Why do I have to be me and CARE? Yet I love being me. I have to face that blessing amidst all the grinding wheels of catastrophe roaring in my ears and blasting in my eyes every day never ending until that final fatal foolish motion by the hand of man. At least I have me and this something beyond faith that lets me experience and learn and grown and be joyful despite all the Other People horrors. THAT is a kindness, a consolation. I can take this ride through rising fires and know I am fine and well if only as a spirit. Thank you that which I call god.

Still in transition, ever in transition, I see only dimly compared to the full light of events. I can only report this one small thing I perceive, give only my limited insight. I am so much just another foolish human. Sometimes I think I have only the thoughts of some other source to share here. It is strange to think that my worse struggle with faith is that I believe in my own abilities to sense these things. Then I return to the correct balance and again realize that I am, we are, all collaborations. There is my contribution. There is "god's" contribution to make ME. I am a WE of these two, just as my mind is a WE of rational and emotional brain functions/services. I am, we are, a collective that contribute to a whole of US. (I a sooo glad I'm not schizophrenic! This collaborative, cooperative nature of the human being is complicated enough without that lunacy).

There are so many people who GIVE of themselves to help our species. THESE are the best of us. Altruism is the character of the most worthwhile of us all, the most grounded and insightful. It has been another of my blessings to have found such people around me during my crash course of learning lifetime. I am so grateful for them, for us, being here as that part of human diversity that PROTECTS and strives to save our species. We ARE HERE. Reading this, don't doubt that the wonder of mankind is here on our miracle planet. That great accomplishment of life does live. There are those of mankind who ARE GREAT for real. We are the quietest, when we are at our best. We are the humblest, when we are at our best. We are so easily overlooked by those lost in game playing. The most LOST of mankind consider the caretakers the weakest of our species. And yet we are the backbone that strives for us to survive, to surmount and overcome the horror of the massive momentum motion of our self-destruction as a form of life. We are those who suffer most because we SEE the LOST and mourn. We are also those most blessed because we know what is worthwhile in being alive, in being a life form made as part of our miracle planet. Insight hurts and insight ennobles. It is the hardest of paths with the kindest of heart, the most tangible of joys. That is how I perceive that situation for me at this moment.

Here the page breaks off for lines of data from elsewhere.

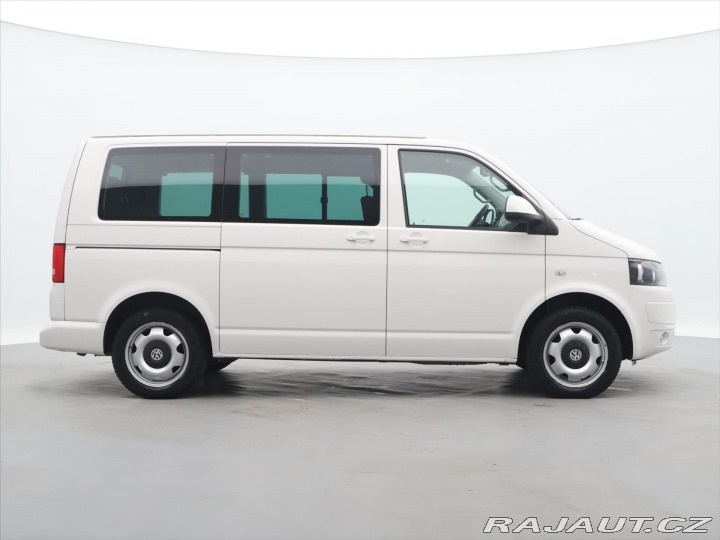 Volkswagen Multivan 2,0 TDI 1.Maj Tempomat Kl 2013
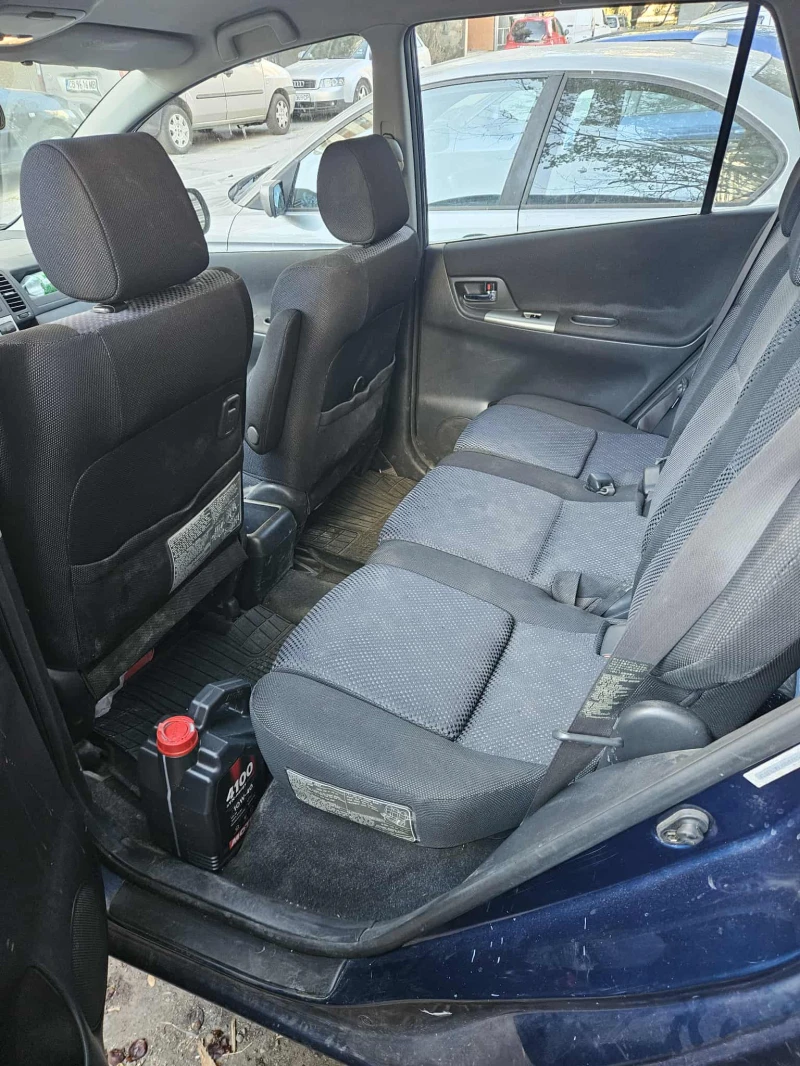 Toyota Corolla verso, снимка 11 - Автомобили и джипове - 51841341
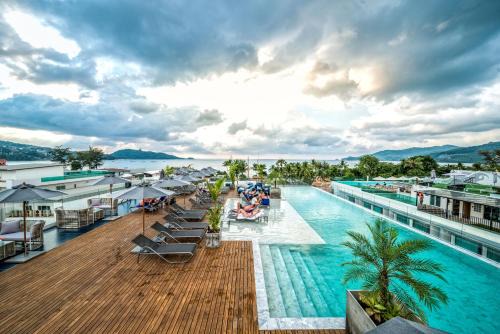 Patong Hotel | Hotel Clover Patong Phuket - SHA Plus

There is more encouragement of others ahead in my life as I learn even more about how to be the elder brother, the caretaker who engenders the personal growing of others as part of my personality, my fate and karma as a protector. I mourn that role and yet I want nothing less and am so grateful to be me. I accept the meagerness of being one person and the minor efforts I can lend. It is simply so joyful to strive in that role. I love those who give of themselves to others and to be with them in whatever small assistance I can also give.

Back in the physical world: Today I have my very first toothache and have to find a dentist. We are wrapped in the physical world, being alive. I'm not looking forward to what I expect will be a root canal, thanks to a persistent gap between my molars. Another exorcise in putting aside my impatience, being alive.